Cette semaine Alexandre De La Salle (avec les bons soins de France Delville) consacre sa chronique à Gérard Eppelé...

Frédéric Altmann – Bon, pour l’instant, tu es dans la période qui précède, en mars 1967, la fameuse exposition « Ecole de Nice ? »

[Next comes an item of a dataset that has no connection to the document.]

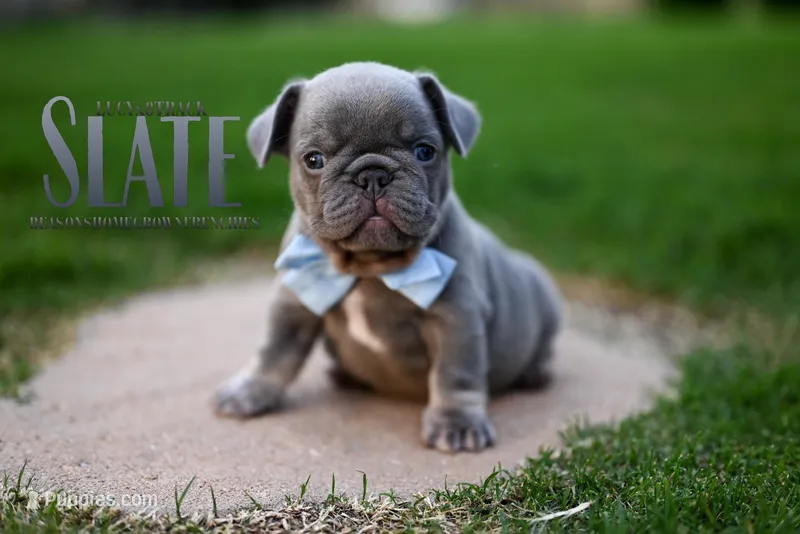 SLATE – French Bulldog puppy for sale in Blue Ridge, TX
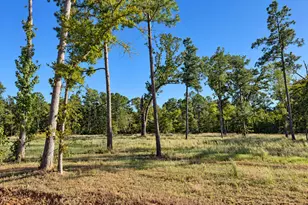 15923 Aniston Ln Lot 9, Flint, TX 75762 - Photo 1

Alexandre de la Salle – Oui. Dès 1960, de jeunes artistes sont entrés dans la galerie, c’étaient des gens marrants, originaux, vivants, j’ai parlé la dernière fois de Michel Néron et Marcelle Tanneau, et je voudrais aujourd’hui évoquer Gérard Eppelé, un sacré personnage, lui aussi… qui faisait partie, évidemment, du « Paradoxe d’Alexandre », en 2000, cette rétrospective de mon travail de quarante années que tu m’avais proposée. Et j’ai écrit dans le catalogue du même nom que Gérard Eppelé « était sans doute le grand peintre et sculpteur expressionniste français, dont l’œuvre culminait dans son « Roman-Peinture », résumé des thèmes qui l’avaient traversée. Il reste encore un peu méconnu, parce qu’il n’est guère doué pour sauter dans le wagon de première classe du Grand Train. Il en étonnera plus d’un, c’est pour moi une évidence ».
Né en 1929 à Cherbourg, il avait passé son enfance au Maroc, était rentré en France en 1942, était entré aux Beaux-Arts de Toulouse, puis à l’Ecole nationale de tapisserie d’Aubusson, et, au début des années 50, avait travaillé dans le cinéma comme peintre décorateur, avec Max Douy. Fin des années 50 il arrive dans les Alpes-Maritimes. A Vence, il devient l’assistant de Dubuffet qui lui fait connaître la galerie Chave. Il enseignera à la Villa Arson jusqu’en 1992.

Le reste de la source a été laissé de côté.